_ASSIGNMENT_:
Your answer must be an exact copy of the data below, minus any pictures.

_GIVEN MATERIAL_:
####
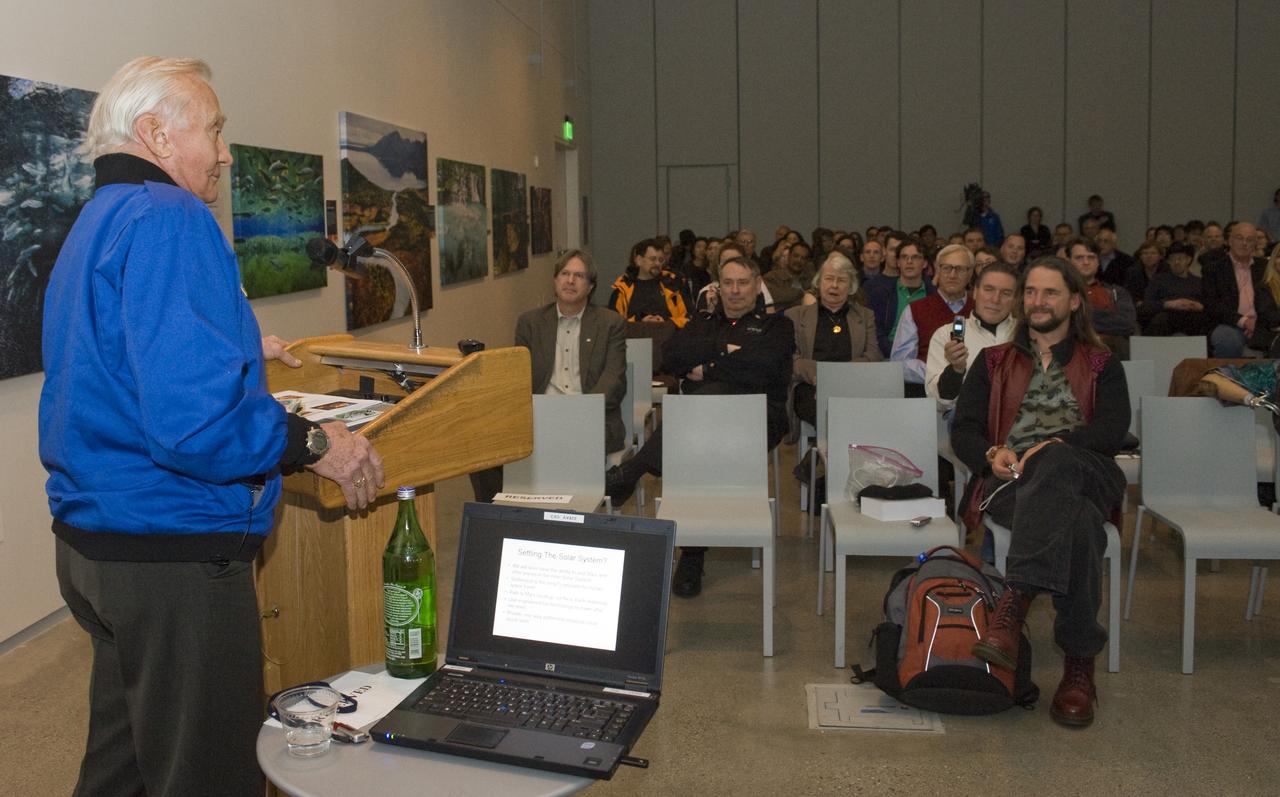 Yuri's Night 2009 held at the California Acaemy of Sciences in San Francisco, California Right is Apollo 11 Astronaut Buzz Aldrin.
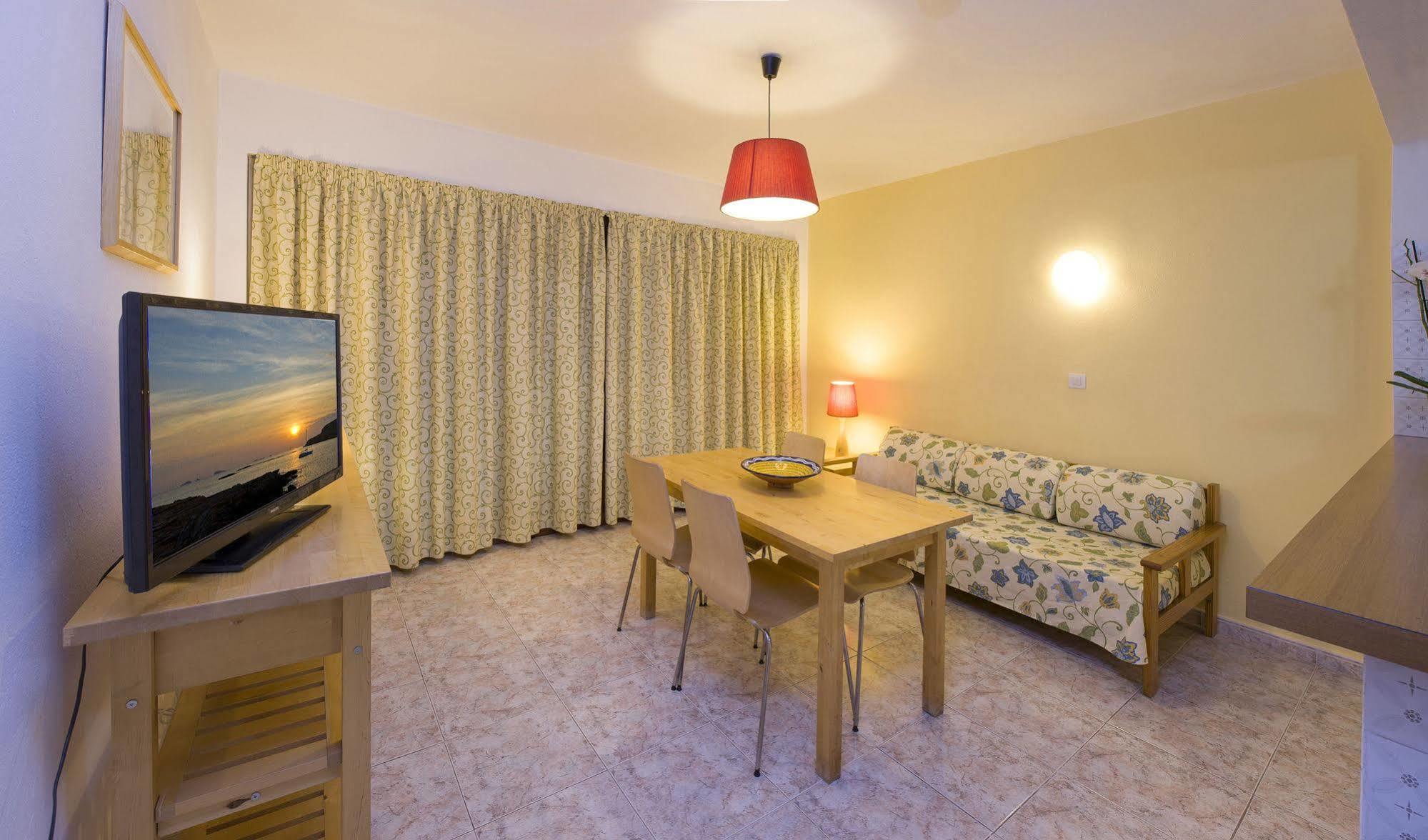 Cana Rita Apartamentos San Antonio  Luaran gambar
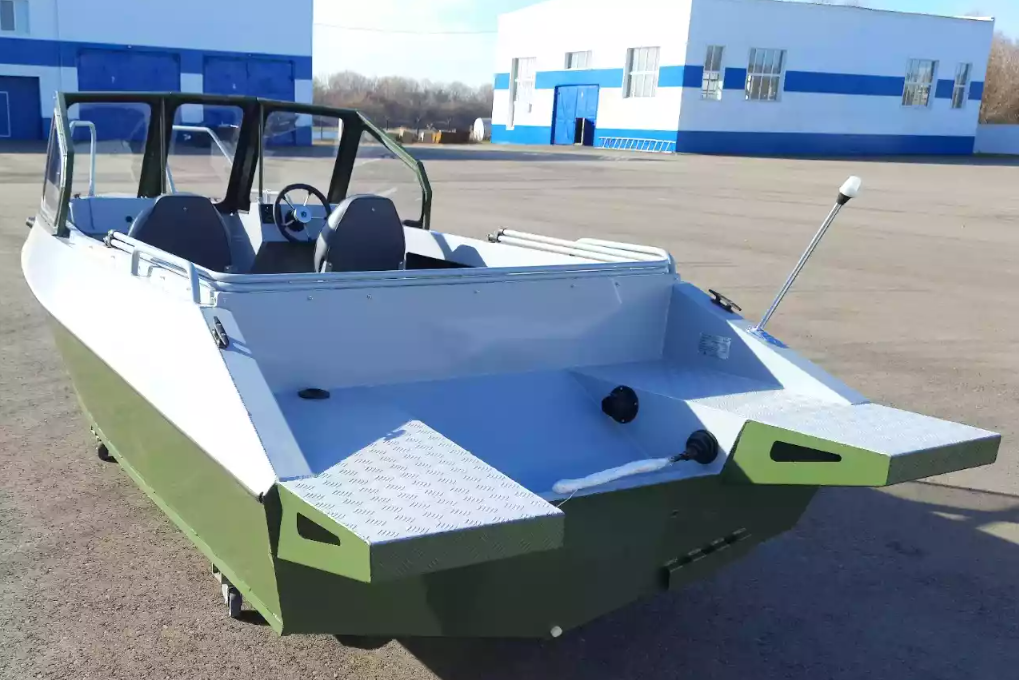 Алюминиевый катер Неман-550 DC Pro в Сызрани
####
_ANSWER TO THE EXERCISE_:
 Yuri's Night 2009 held at the California Acaemy of Sciences in San Francisco, California Right is Apollo 11 Astronaut Buzz Aldrin.
 Cana Rita Apartamentos San Antonio  Luaran gambar
 Алюминиевый катер Неман-550 DC Pro в Сызрани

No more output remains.